The intuition that the $n^3$ operations will dominate over the $n^2$ data accesses only works for roughly square matrices.
The real measure should be some kind of surface area to volume.
The difference becomes important for very non-square matrices.

===Can it afford to copy?===
Copying the inputs allows the data to be arranged in a way that provides optimal access for the kernel functions,
but this comes at the cost of allocating temporary space, and an extra read and write of the inputs.

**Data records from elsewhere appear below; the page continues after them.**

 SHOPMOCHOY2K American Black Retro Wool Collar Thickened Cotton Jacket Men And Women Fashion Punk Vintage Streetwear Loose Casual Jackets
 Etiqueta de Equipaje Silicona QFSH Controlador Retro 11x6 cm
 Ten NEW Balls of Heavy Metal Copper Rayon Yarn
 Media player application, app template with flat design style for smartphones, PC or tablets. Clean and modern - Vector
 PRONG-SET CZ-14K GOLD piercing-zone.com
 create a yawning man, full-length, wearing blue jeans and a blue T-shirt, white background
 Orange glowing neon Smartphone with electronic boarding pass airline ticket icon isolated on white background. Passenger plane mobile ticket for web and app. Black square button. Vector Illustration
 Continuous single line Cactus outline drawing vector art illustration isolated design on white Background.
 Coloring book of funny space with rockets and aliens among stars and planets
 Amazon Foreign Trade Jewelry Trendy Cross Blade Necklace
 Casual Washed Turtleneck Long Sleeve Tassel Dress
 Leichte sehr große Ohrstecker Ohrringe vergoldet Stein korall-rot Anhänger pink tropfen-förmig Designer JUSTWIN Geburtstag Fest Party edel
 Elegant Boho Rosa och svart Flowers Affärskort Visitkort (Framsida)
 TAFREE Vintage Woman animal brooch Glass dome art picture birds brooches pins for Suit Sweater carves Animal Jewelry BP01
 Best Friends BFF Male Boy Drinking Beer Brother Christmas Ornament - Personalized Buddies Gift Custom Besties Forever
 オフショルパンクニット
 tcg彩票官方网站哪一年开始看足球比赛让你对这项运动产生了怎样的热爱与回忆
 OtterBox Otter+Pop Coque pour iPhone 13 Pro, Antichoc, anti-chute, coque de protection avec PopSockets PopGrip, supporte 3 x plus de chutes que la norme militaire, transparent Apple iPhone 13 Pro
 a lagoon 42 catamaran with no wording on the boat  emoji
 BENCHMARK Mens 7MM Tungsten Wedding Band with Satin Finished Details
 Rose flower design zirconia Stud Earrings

So the first question GEMM faces is, can it afford to copy the inputs?

If so,
- Put into block major format with good alignment
- Take advantage of user contributed kernels and cleanup
- Handle the transpose cases with the copy: make everything into TN (transpose - no-transpose)
- Deal with α in the copy

If not,
- Use the nocopy version
- Make no assumptions on the stride of matrix A and B in memory
- Handle all transpose cases explicitly
- No guarantee about alignment of data
- Support α specific code
- Run the risk of TLB issues, bad strides, etc.

The actual decision is made through a simple heuristic which checks for "skinny cases".

===Cache edge===
For 2nd Level Cache blocking a single cache edge parameter is used.
The high level choose an order to traverse the blocks: ijk, jik, ikj, jki, kij, kji.
These need not be the same order as the product is done within a block.

Typically chosen orders are ijk or jik.
For jik the ideal situation would be to copy A and the NB wide panel of B.
For ijk swap the role of A and B.

Choosing the bigger of M or N for the outer loop reduces the footprint of the copy.
But for large K ATLAS does not even allocate such a large amount of memory.
Instead it defines a parameter, Kp, to give best use of the L2 cache.
Panels are limited to Kp in length.
It first tries to allocate (in the jik case) $M\cdot p + NB\cdot Kp + NB\cdot NB$.
If that fails it tries $2\cdot Kp\cdot NB + NB\cdot NB$.
(If that fails it uses the no-copy version of GEMM, but this case is unlikely for reasonable choices of cache edge.)
Kp is a function of cache edge and NB.

==LAPACK==
When integrating the ATLAS BLAS with LAPACK an important consideration is the choice of blocking factor for LAPACK. If the ATLAS blocking factor is small enough the blocking factor of LAPACK could be set to match that of ATLAS.

To take advantage of recursive factorization, ATLAS provides replacement routines for some LAPACK routines. These simply overwrite the corresponding LAPACK routines from Netlib.

==Need for installation==
Installing ATLAS on a particular platform is a challenging process which is typically done by a system vendor or a local expert and made available to a wider audience.

For many systems, architectural default parameters are available; these are essentially saved searches plus the results of hand tuning.
If the arch defaults work they will likely get 10–15% better performance than the install search. On such systems the installation process is greatly simplified.